Isabelle Christine Lourenço Gomes Drummond (born 12 April 1994) is a Brazilian actress.

Career 
Debuted on TV with a novel rapid participation in Laços de Família in 2000.

The following year, she played the small Rosicler, the daughter of Ana Paula Arósio character in the miniseries Os Maias. In the same year, became the show's child Emília Sítio do Picapau Amarelo.

In 2007 she played Gina in the telenovela Eterna Magia and in 2008 made a contribution of two chapters in the novel A Favorita.

She appeared in the film Xuxa Popstar in 2000, and in 2009 she starred in the feature film Se Eu Fosse Você 2 playing the role of Bia, the daughter of the main couple, Tony Ramos and Gloria Pires, Cláudio and Helena respectively, girl pregnant early boyfriend who hid from his father.

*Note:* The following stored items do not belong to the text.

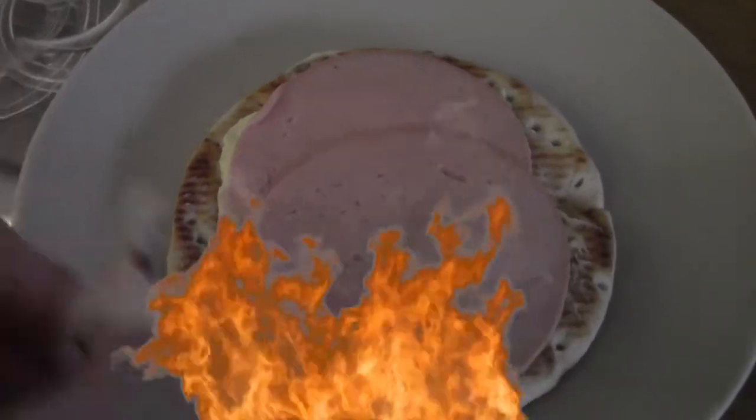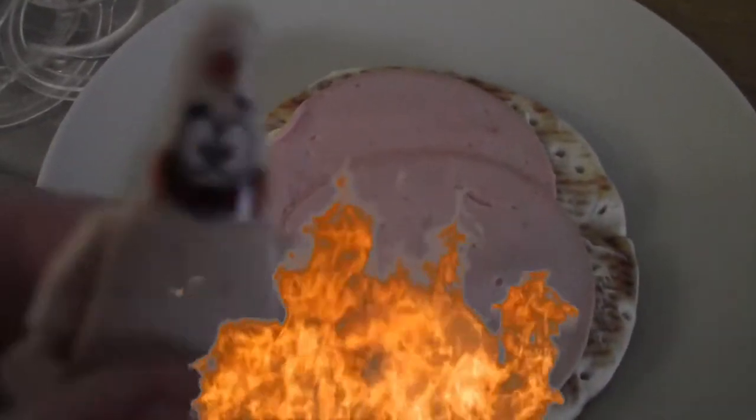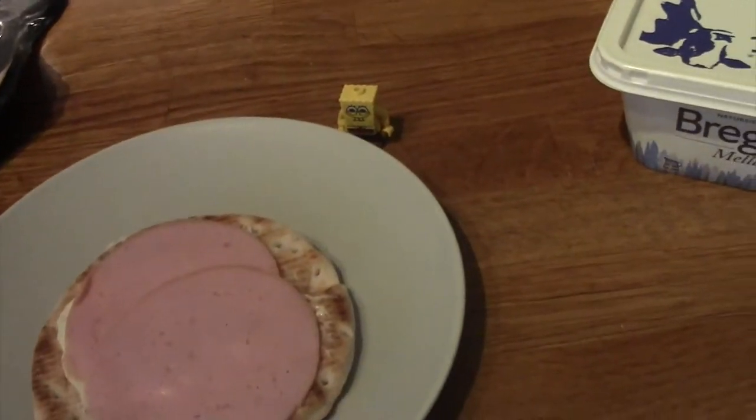And your sandwich are done. It's gonna burn. Let's give it to Spongebob. Here you go Spongebob.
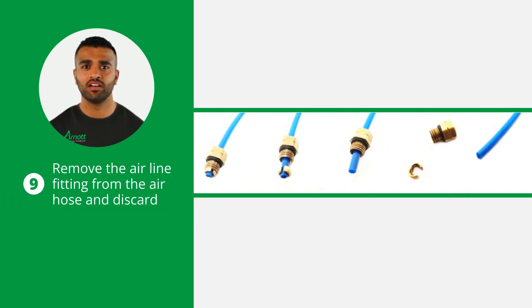Now, remove the air line fitting from the air hose and discard it. To do this, remove the colette and the remaining fitting will slide off the air hose.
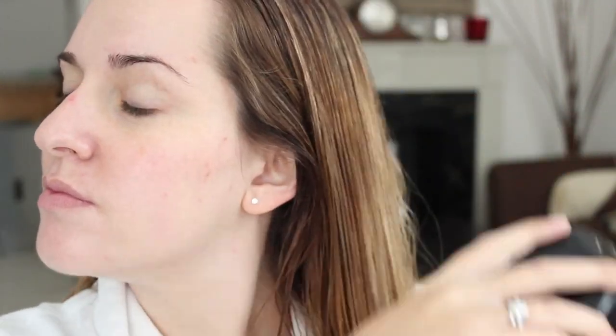After I put in that miracle leave-in product, I can easily brush and comb out my hair. Again, when your hair is wet it's very fragile, so you want to be very delicate. I use a Tangle Teezer for this because it is good on wet hair. Then with the snap of my fingers I have my makeup done in the meantime.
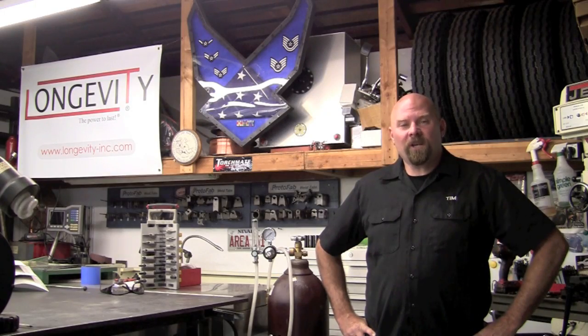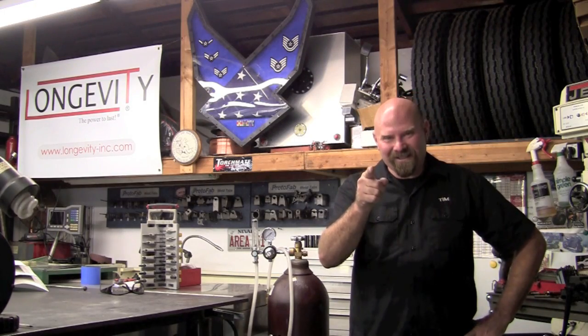Thank you for watching Longevity's Welding Channel. I'm Tim Roble and I'll catch you here next time.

In addition, she participated in several special year-end of the station and also starred in the special Rede Globo celebrating 40 years of the channel, A História de Rosa.

In 2009 and 2010 she played Bianca in Caras & Bocas, one of the main characters of the story. Her character exploded in the media and launched the slogans "É a Treva !", "Sou muito experiente", "Sou a rainha dos biscoitos de Polvilho", which fell to the popular taste.

In 2011 she was scheduled to join the cast of six novel Globo Cordel Encantado. Also in the year 2011 declared in an interview to the magazine who is evangelical.

In 2012 she starred alongside actresses Taís Araújo and Leandra Leal in the telenovela Cheias de Charme.

In 2013, she starred in the telenovela Sangue Bom of Maria Adelaide Amaral and Vincent Villari, where she played Giane, a hardcore Corinthians fan.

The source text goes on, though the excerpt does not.